Scientific magazine on Albanian studies

Studime Historike ("Historical Studies") is a scientific magazine on albanology. It is published by the Institute of History, part of the Centre of Albanological Studies in Tirana, Albania.

It is profilised as a bulletin short studies or articles dealing with Albanian history, from antiquity to nowadays. Beside historical thematic, it publishes studies presented in scientific events as conferences and symposiums, archival documents, pieces of historical memoirs and materials, information of scientific activities organised by the Institute of History, etc.

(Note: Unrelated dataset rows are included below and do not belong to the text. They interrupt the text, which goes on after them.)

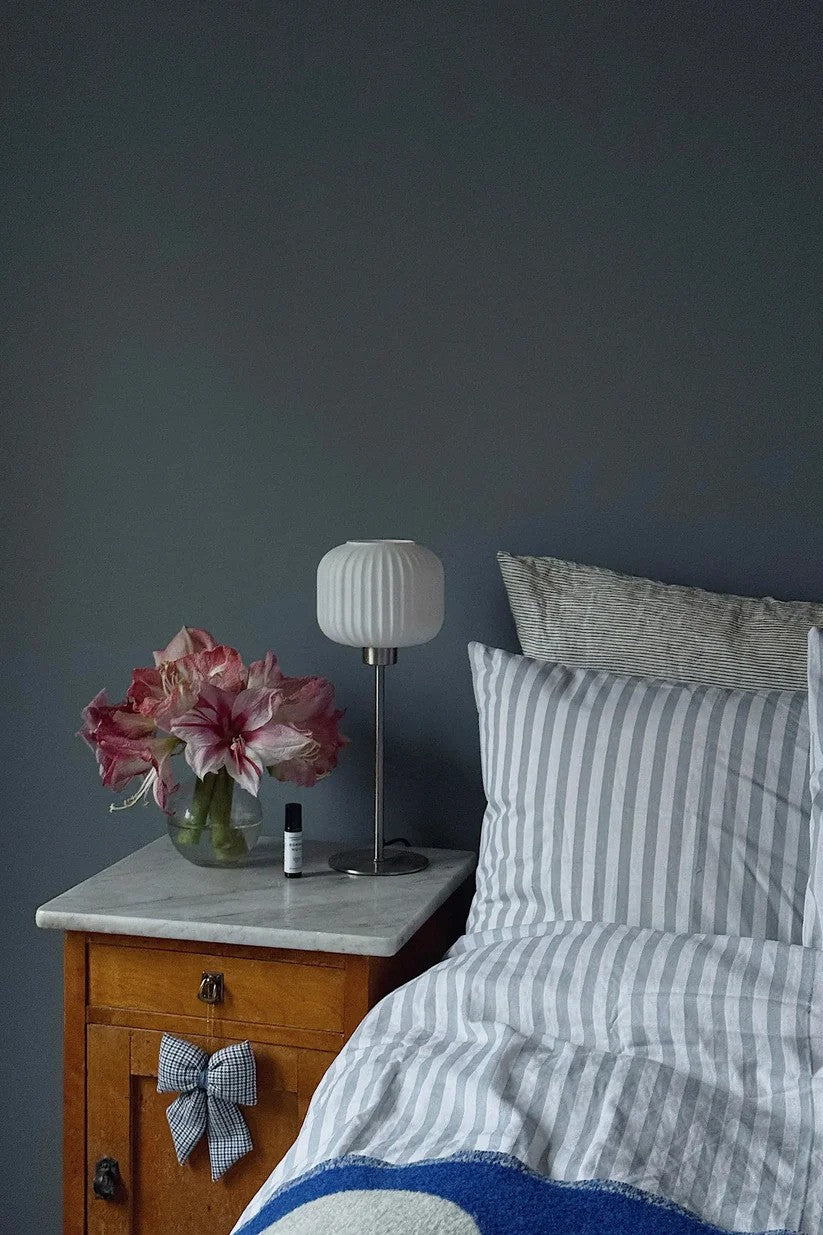 Sober Bordlampe i Stål/Hvid sat på sengebordet for det æstetiske design og behagelige lys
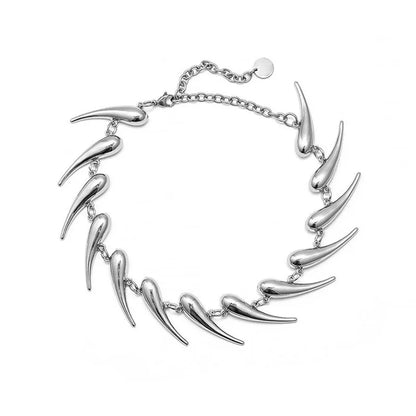 Silver wolf tooth choker necklace with unique design on a white background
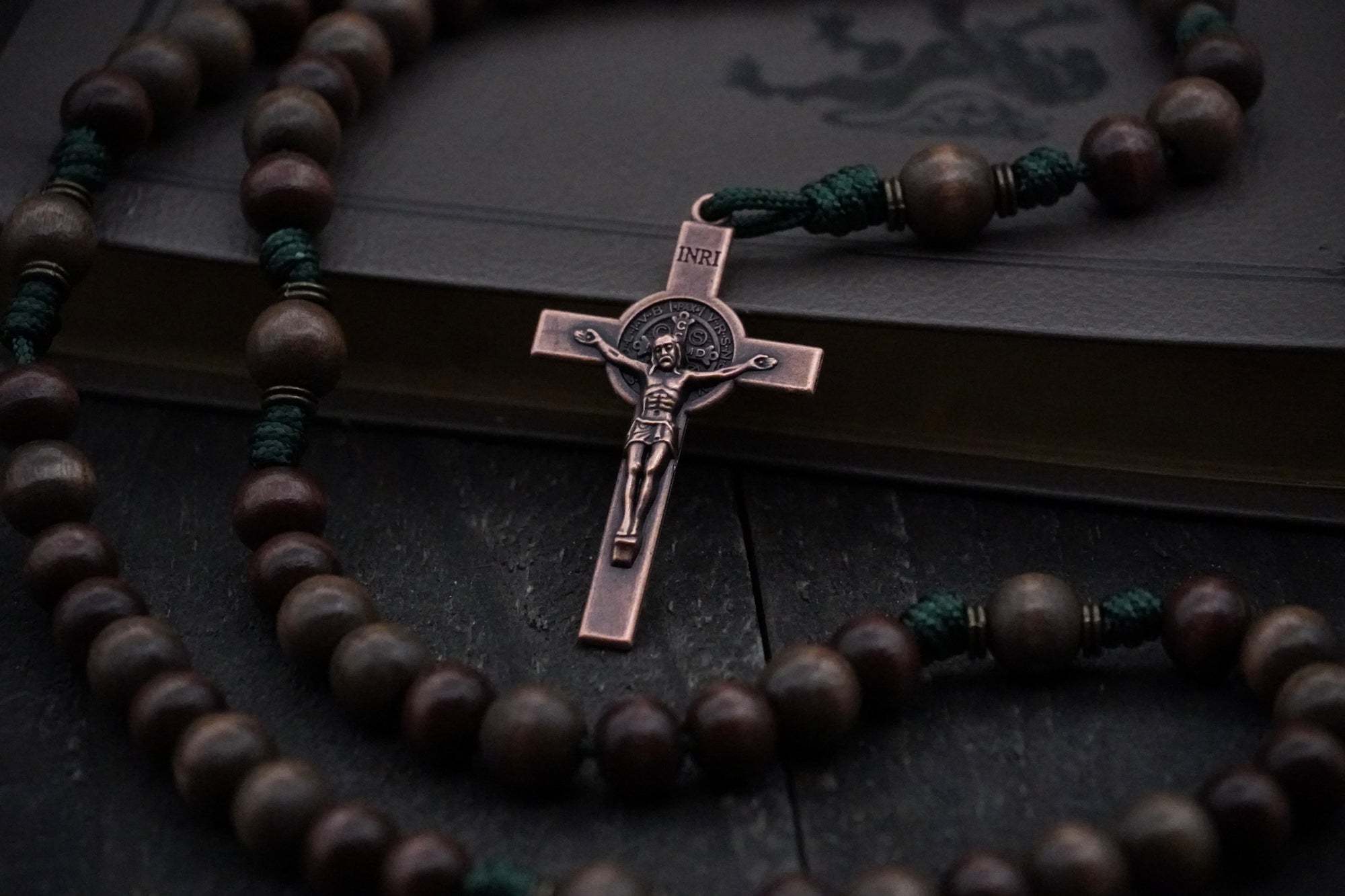 Durable 95 paracord rosary built for outdoorsmen with copper St. Benedict crucifix and wooden beads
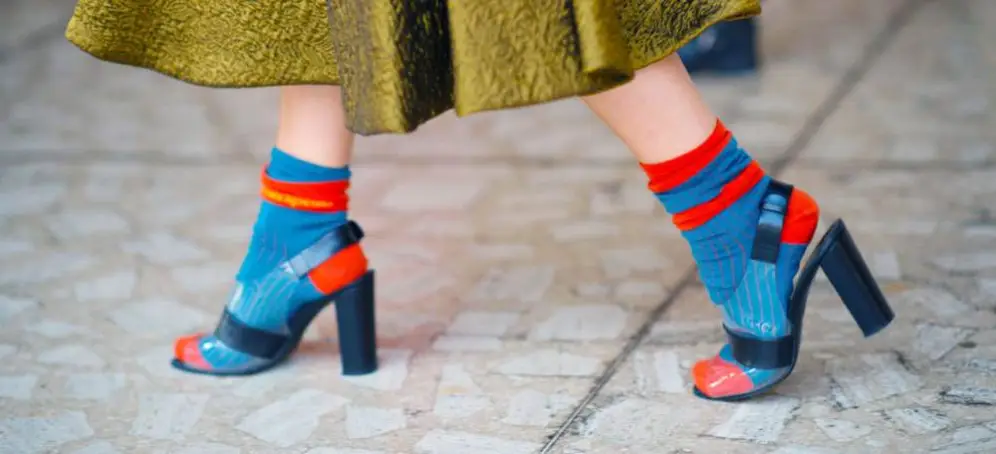 Gestreifte Socken in Blau und Rot zu Sandalen auf einem gemusterten Steinboden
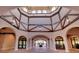 Stunning lobby with high ceilings, arched doorways, and decorative wood beams at 5685 Palmer Cir # 202, Bradenton, FL 34211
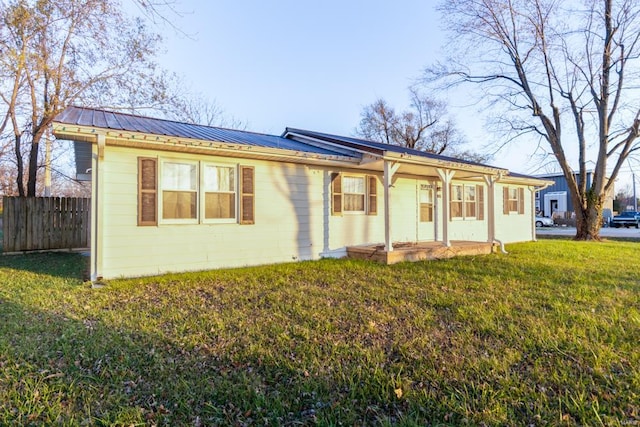 ranch-style house with a front yard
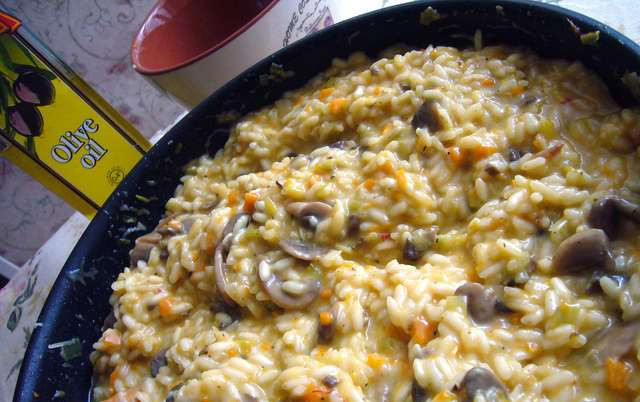 1. Этап. Ризотто с овощами и грибами: Добавьте масло и сыр в ризотто, интенсивно все перемешайте.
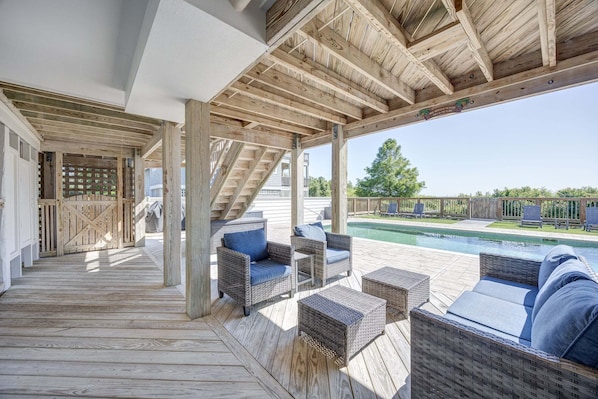 Un espacio al aire libre cubierto con suelo de madera, mobiliario de mimbre y vistas a una piscina.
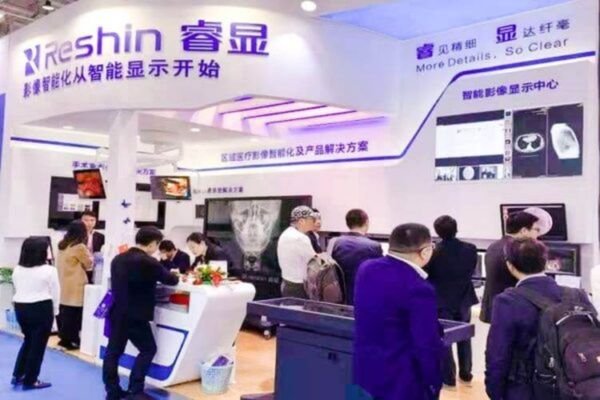 Reshin booth at an international medical exhibition showcasing medical monitors and imaging solutions, attracting numerous visitors.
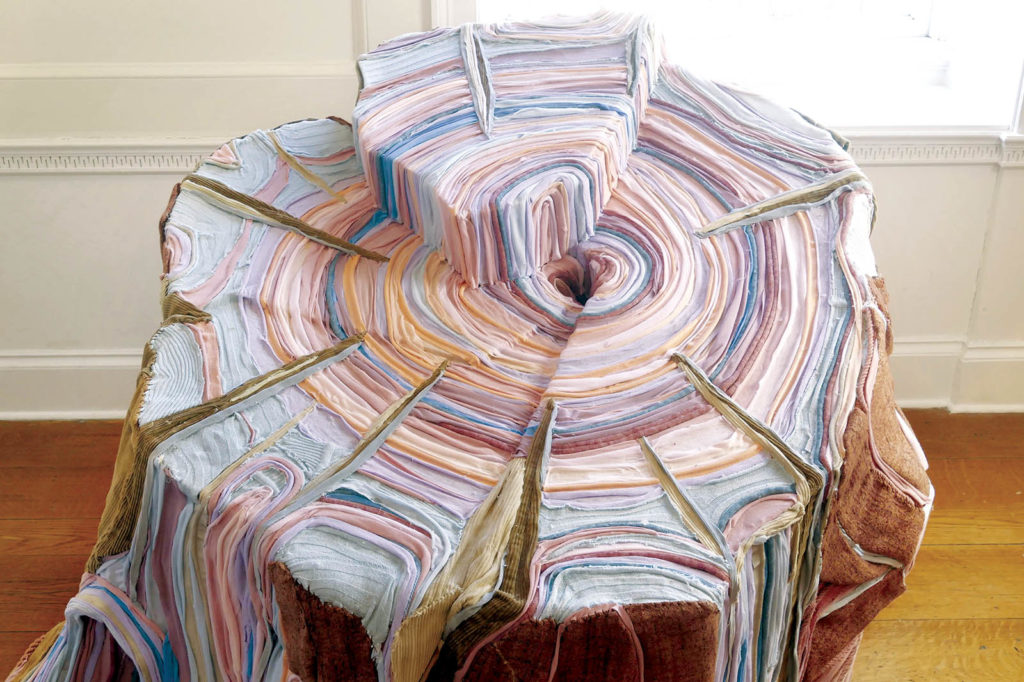 Tree stump sculptures made from fabric Specialty Fabrics Review
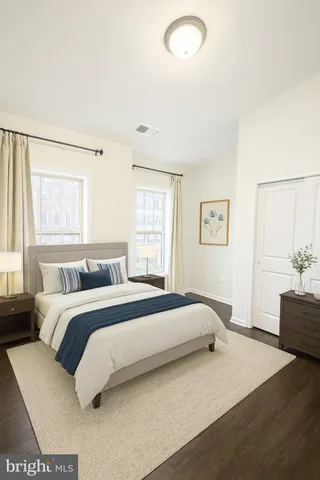 a spacious bedroom with a large bed and a window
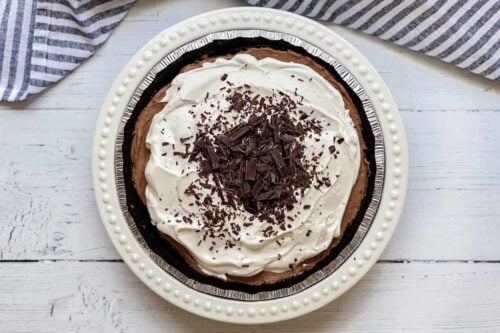 Top view of chocolate pie with cream and chocolate shavings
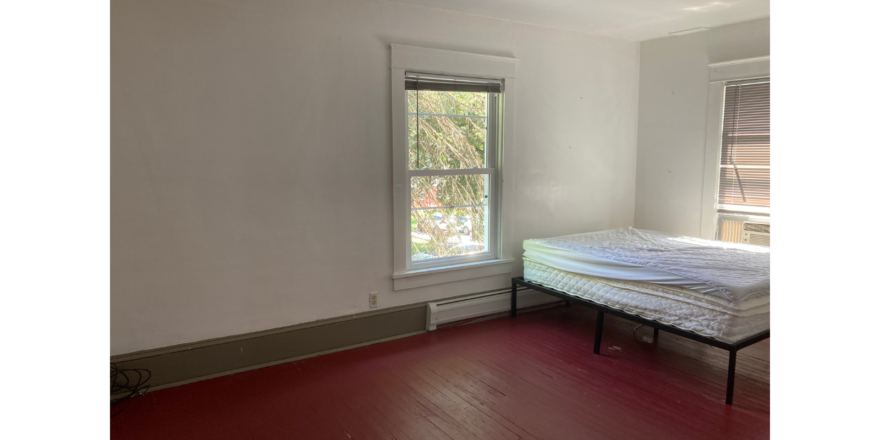 an empty room with a bed and a window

It provides information of latest publications of the Albanian Institute of History, both Albanian and foreign albanologists.

==History==
Studime Historike is the first historical magazine in Albania. It started as Buletini i Institutit të Studimeve (Bulletin of the Institute of Studies), published by the Albanian Institute of History established in 1946, representing the first scientific institute in post World War II Albania. It had separate sections for linguistics, literary studies, and history. After the first issue with this name, it promptly changed to Buletin i Institutit të Shkencave (Bulletin of the Institute of Sciences), published by the Albanian Institute of Science (1948–1957) which had replaced the Institute of Studies. The magazine preserved it previous structure. In 1952, it split in two separate publications: Buletini për Shkencat Natyrore (Bulletin for the Natural Sciences), and Bulletini për Shkencat Shoqërore (Bulletin for Social Studies). The later one focused on linguistics, history, archaeology, ethnography, etc. Articles started being accompanied by a resume in French.

In 1955, the corresponding sections of social studies merged into the Albanian Institute of History and Linguistics (Instituti i Historisë dhe i Gjuhësisë), which affiliated with the University of Tirana during 1957–1972. During 1957–1964, the magazine came out as Buletin i Universitetit të Tiranës – seria shkencat shoqërore (Bulletin of the University of Tirana – series on social studies). After 1964, the Institute of History and Linguistics started publishing Studime Historike (one issue every three months), and the other magazine Studime Filologjike (Philological studies).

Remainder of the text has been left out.